[[ PROVIDED INFORMATION, beginning ]]

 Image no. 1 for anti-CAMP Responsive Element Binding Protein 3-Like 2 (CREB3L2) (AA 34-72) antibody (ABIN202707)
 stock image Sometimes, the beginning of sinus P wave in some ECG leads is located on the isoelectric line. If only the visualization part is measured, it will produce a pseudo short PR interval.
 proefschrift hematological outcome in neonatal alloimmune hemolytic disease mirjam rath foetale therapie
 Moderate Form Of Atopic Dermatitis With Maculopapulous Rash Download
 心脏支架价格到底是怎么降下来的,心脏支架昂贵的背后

[[ PROVIDED INFORMATION, end ]]
[[ PROVIDED INFORMATION, beginning ]]

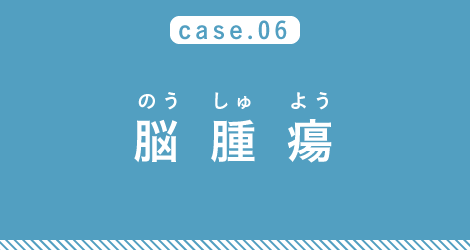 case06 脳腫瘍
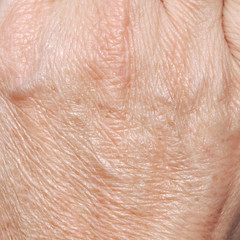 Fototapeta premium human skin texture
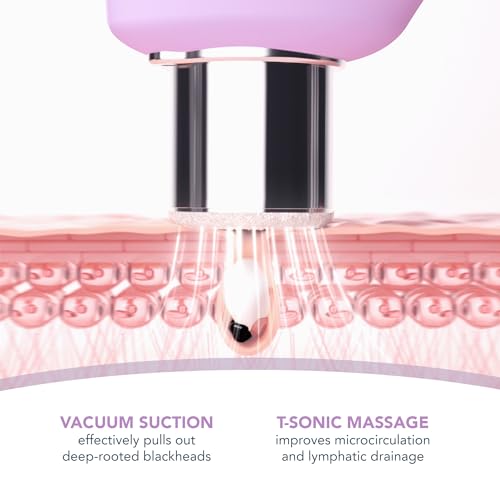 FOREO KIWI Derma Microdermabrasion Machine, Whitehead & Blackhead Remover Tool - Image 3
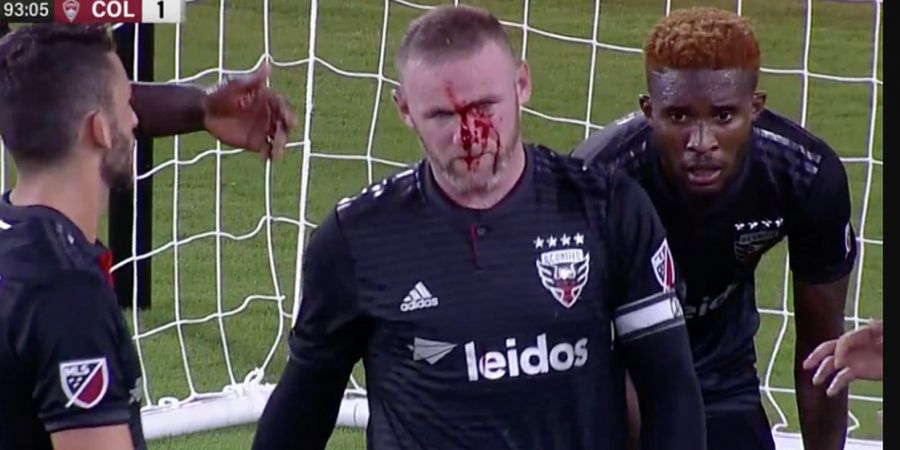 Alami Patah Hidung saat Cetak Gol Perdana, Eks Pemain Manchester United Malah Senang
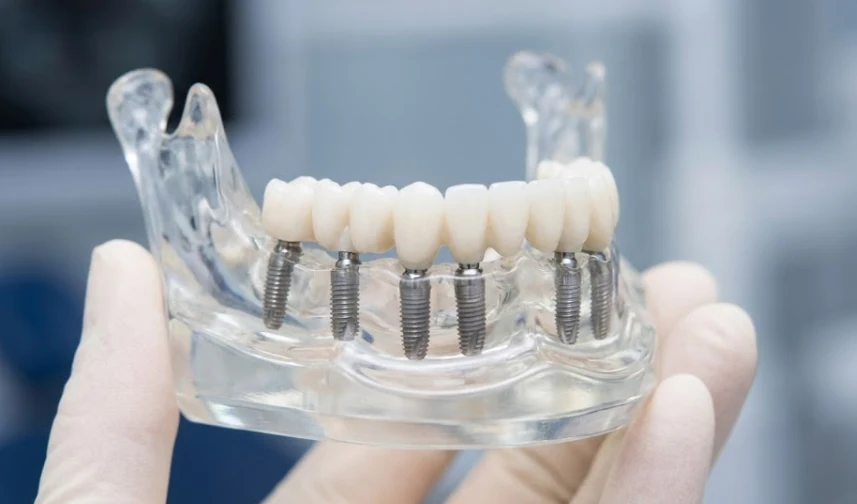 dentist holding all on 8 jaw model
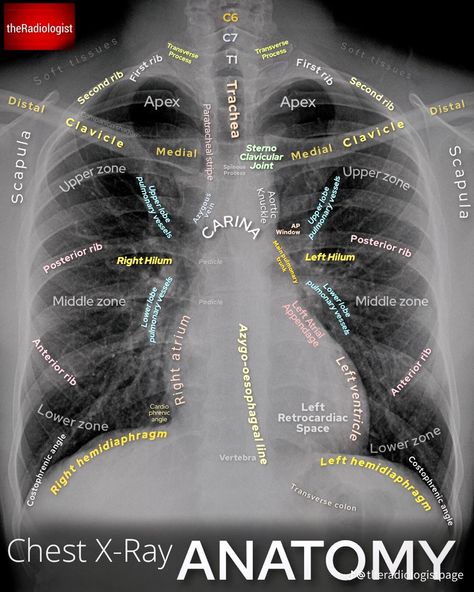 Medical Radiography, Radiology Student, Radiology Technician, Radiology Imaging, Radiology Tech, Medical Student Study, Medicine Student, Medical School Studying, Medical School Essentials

[[ PROVIDED INFORMATION, end ]]

EXERCISE DIRECTIONS:
Copy the entries above exactly, but only the stretch from the line containing "Alami Patah Hidung" through the line containing "Medical Radiography, Radiology". Keep both end lines; drop the pictures.

PROBLEM SOLUTION:
 Alami Patah Hidung saat Cetak Gol Perdana, Eks Pemain Manchester United Malah Senang
 dentist holding all on 8 jaw model
 Medical Radiography, Radiology Student, Radiology Technician, Radiology Imaging, Radiology Tech, Medical Student Study, Medicine Student, Medical School Studying, Medical School Essentials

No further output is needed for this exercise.